How to read a particular HTML tag/DOM Object from HTML content

Panda_Rentals · June 13, 2024, 5:40am

Goal:
Read an HTML string, find a particular node using some kind of query like I would do in javascript with document.queryElement or with XPATH, or any other language. I need to get the exact node.

Tried:
ChatGPT: Too non deterministic. I get different results with same prompt and input
Convert to Text, then use regular expressions: I get results from wrong places, cannot add more logic to refine.

ideal solution: Convert HTML to XML, then use XPATH. Or execute javascript code.
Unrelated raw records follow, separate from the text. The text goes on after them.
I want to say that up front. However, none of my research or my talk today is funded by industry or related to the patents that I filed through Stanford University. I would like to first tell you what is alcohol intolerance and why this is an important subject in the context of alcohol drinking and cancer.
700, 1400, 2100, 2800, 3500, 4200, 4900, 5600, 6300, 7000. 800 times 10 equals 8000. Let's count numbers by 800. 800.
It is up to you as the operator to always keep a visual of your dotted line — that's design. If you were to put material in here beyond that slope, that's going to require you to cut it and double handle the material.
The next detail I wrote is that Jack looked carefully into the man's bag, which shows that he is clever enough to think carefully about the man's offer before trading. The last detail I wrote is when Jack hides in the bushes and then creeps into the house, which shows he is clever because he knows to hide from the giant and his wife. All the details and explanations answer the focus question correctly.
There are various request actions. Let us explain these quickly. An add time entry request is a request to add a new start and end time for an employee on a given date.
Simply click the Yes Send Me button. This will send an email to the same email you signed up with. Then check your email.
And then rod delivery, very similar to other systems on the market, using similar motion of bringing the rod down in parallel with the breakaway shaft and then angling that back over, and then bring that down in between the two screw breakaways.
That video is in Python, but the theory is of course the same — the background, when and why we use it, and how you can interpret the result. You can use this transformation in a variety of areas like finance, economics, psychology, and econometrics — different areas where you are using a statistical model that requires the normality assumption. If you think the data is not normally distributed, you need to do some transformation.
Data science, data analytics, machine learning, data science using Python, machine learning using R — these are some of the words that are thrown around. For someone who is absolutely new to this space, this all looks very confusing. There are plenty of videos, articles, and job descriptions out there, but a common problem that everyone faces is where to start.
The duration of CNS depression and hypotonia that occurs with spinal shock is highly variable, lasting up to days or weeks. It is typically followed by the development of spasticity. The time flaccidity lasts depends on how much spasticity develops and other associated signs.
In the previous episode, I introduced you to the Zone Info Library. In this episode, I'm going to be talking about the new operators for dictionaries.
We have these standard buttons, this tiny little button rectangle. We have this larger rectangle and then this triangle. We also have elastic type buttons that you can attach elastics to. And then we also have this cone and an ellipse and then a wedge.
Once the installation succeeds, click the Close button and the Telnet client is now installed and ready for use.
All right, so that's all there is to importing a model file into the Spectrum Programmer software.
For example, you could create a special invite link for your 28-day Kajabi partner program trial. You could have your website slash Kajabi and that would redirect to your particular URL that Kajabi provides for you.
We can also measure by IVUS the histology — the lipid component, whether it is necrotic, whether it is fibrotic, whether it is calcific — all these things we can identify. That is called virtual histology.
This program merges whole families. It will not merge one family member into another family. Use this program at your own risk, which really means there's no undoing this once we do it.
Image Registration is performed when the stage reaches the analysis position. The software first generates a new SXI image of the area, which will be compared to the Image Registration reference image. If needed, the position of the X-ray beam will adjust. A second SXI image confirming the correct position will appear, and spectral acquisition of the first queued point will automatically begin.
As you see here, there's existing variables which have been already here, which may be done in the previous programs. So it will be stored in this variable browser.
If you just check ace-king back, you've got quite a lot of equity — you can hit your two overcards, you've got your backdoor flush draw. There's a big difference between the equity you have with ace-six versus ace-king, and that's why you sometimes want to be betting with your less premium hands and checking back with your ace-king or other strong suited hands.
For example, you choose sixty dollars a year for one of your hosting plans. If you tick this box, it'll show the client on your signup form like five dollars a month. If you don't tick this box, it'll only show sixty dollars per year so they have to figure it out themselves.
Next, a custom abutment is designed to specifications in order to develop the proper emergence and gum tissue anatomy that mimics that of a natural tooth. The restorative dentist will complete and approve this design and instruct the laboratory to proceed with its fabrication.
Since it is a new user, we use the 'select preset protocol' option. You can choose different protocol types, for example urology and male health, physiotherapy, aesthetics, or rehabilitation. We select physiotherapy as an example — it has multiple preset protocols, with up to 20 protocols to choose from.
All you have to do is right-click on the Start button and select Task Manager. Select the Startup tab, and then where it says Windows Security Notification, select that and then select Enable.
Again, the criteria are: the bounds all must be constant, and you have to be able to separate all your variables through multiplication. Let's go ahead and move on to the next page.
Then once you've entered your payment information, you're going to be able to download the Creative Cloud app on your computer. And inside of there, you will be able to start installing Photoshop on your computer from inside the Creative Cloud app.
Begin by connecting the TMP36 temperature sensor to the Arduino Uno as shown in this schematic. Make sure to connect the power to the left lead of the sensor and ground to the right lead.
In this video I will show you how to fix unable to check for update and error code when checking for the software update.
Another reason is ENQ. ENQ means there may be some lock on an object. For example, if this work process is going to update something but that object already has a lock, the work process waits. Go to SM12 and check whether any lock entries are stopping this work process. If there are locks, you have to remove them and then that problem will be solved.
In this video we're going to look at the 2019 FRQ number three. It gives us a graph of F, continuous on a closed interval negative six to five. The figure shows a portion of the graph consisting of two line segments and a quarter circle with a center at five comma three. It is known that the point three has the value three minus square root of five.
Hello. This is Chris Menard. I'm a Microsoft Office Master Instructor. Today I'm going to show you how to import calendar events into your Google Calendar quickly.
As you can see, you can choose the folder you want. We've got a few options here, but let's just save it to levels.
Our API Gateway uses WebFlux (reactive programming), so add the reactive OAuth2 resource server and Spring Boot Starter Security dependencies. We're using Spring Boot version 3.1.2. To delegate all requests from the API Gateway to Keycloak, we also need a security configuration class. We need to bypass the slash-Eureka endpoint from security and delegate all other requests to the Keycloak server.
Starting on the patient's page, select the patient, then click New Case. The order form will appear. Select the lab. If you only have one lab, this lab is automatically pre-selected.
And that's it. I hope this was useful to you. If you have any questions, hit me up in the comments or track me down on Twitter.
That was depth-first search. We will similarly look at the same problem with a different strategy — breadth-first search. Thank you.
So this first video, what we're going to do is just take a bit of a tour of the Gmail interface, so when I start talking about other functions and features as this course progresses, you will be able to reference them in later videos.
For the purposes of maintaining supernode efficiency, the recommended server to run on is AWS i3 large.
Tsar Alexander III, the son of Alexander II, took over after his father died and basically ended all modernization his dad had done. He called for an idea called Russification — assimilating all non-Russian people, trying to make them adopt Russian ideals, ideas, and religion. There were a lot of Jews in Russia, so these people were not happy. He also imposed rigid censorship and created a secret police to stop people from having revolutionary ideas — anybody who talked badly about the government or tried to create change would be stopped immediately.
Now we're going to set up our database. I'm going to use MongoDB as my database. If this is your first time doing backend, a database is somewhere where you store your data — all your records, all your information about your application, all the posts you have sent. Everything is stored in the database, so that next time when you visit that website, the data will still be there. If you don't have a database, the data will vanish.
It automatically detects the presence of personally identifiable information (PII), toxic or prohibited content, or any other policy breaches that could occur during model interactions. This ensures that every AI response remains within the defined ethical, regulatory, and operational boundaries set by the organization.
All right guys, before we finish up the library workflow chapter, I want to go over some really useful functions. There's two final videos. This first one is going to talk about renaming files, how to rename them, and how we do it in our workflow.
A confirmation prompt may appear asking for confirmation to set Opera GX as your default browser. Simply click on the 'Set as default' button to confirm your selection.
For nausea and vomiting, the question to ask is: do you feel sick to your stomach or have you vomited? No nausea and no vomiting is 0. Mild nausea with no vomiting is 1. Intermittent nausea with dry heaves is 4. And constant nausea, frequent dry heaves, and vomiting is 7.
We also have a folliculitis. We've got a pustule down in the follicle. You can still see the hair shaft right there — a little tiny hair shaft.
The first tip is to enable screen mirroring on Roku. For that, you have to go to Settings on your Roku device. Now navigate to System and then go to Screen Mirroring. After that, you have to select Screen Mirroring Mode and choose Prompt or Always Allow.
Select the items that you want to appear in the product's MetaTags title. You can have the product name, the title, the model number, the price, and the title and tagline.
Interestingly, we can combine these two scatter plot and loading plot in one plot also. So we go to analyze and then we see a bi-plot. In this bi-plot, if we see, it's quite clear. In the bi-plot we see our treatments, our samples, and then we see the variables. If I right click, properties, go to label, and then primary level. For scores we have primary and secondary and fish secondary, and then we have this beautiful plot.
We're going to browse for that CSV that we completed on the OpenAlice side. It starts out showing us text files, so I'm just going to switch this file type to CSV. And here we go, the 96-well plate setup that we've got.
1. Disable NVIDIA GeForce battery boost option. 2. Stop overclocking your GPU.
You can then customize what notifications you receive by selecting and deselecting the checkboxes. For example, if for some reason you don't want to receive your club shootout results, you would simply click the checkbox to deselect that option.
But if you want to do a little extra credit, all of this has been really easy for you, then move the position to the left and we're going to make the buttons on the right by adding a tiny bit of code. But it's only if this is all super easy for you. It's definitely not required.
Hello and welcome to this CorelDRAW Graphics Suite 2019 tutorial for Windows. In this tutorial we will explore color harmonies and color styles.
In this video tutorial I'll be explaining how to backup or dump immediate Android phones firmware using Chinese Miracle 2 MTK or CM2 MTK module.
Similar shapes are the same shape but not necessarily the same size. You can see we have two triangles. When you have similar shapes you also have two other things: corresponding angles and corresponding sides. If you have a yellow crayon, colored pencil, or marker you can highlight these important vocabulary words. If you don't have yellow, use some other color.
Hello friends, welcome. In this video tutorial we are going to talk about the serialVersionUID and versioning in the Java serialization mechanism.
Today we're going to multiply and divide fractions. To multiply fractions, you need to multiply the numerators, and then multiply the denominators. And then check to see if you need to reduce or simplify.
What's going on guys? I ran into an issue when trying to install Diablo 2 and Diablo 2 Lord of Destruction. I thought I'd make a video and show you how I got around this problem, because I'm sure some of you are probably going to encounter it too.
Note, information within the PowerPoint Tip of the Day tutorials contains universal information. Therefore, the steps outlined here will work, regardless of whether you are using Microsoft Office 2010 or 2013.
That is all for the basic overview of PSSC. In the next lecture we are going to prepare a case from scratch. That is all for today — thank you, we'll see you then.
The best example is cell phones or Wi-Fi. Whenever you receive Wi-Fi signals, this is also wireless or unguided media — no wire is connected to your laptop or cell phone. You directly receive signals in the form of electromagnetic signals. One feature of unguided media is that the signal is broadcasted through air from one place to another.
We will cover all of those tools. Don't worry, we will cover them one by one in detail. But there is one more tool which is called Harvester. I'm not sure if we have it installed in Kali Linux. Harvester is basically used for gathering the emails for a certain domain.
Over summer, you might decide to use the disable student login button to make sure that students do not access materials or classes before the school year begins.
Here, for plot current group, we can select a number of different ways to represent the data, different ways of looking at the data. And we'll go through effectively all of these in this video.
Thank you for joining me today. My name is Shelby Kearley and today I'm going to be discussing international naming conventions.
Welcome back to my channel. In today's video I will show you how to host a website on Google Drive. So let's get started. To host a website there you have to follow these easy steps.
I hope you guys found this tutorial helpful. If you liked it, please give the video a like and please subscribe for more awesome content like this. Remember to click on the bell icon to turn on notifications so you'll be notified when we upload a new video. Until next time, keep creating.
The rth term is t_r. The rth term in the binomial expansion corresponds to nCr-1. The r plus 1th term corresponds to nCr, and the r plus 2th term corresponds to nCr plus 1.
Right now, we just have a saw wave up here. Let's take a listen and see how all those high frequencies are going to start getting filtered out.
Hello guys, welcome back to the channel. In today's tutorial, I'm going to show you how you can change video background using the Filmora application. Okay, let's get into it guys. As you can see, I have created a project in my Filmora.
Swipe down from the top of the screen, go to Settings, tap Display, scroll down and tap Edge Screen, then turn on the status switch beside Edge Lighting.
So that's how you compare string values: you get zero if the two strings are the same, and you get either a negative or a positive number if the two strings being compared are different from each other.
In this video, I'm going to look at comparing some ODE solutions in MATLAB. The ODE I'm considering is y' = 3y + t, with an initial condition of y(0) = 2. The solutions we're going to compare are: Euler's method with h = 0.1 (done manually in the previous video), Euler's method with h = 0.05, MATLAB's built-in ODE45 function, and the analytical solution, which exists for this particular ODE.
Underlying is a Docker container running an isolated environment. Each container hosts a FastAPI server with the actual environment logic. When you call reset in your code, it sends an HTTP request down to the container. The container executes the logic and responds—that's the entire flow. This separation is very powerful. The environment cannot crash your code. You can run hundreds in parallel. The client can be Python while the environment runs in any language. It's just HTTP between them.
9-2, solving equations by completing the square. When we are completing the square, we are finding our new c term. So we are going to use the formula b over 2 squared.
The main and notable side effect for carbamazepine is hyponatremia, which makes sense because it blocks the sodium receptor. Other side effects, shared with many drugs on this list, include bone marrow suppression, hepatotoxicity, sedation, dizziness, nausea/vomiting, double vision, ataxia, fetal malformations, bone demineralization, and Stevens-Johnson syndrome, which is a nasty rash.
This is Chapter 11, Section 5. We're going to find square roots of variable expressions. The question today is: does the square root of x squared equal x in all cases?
Non acceptable solutions: Invoke a paid service to convert HTML to XML. I expect built in modules to resolve this.

samliew · June 13, 2024, 8:24am

You can either use the Text Parser “Match Pattern” module, or the XML “Perform XPath Query” module. If you can’t do it then it’s probably a misconfiguration, or too advanced for you.

Alternatively,
For web scraping, some apps you can use are ScrapingBee and ScrapeNinja to get content from the page.

I’ve used ScrapeNinja, and you can use jQuery-like selectors there in the extractor function.

ScrapeNinja also can run the page in a web-browser so it closely emulates what users see, as opposed to just the raw page HTML fetched from the HTTP module.

If you want an example, take a look at Grab data from page and url - #5 by samliew

samliew – request private consultation

Join the Make Fans Discord server to chat with other makers!

Panda_Rentals · June 13, 2024, 12:05pm

I’ve tried the Match Pattern and I’m obtaining results, but unreliable.
For instance, I need to match a date, but sometimes the HTML contains several dates in different places, and It’s impossible to identify which match result is the one I need (regex is not enough to get the context).
If I could convert the HTML to XML, I would definitely use xpath. But I can’t find a module to convert HTML to XML (I would use XLST if I had to do it myself, but there is no XSLT module either)

samliew · June 13, 2024, 12:17pm

If you need further assistance, please provide the following:

1. Screenshots of module fields and filters

Please share screenshots of relevant module fields and filters in question? It would really help other community members to see what you’re looking at.

You can upload images here using the Upload icon in the text editor:

2. Scenario blueprint

Please export the scenario blueprint file to allow others to view the mappings and settings. At the bottom of the scenario editor, you can click on the three dots to find the Export Blueprint menu item.

^{(Note: Exporting your scenario will not include private information or keys to your connections)}

Uploading it here will look like this:

blueprint.json (12.3 KB)

3. And most importantly, Input/Output bundles

Please provide the input and output bundles of the trigger/iterator/aggregator modules by running the scenario (or get from the scenario History tab), then click the white speech bubble on the top-right of each module and select “Download input/output bundles”.

A.

Save each bundle contents in your text editor as a bundle.txt file, and upload it here into this discussion thread.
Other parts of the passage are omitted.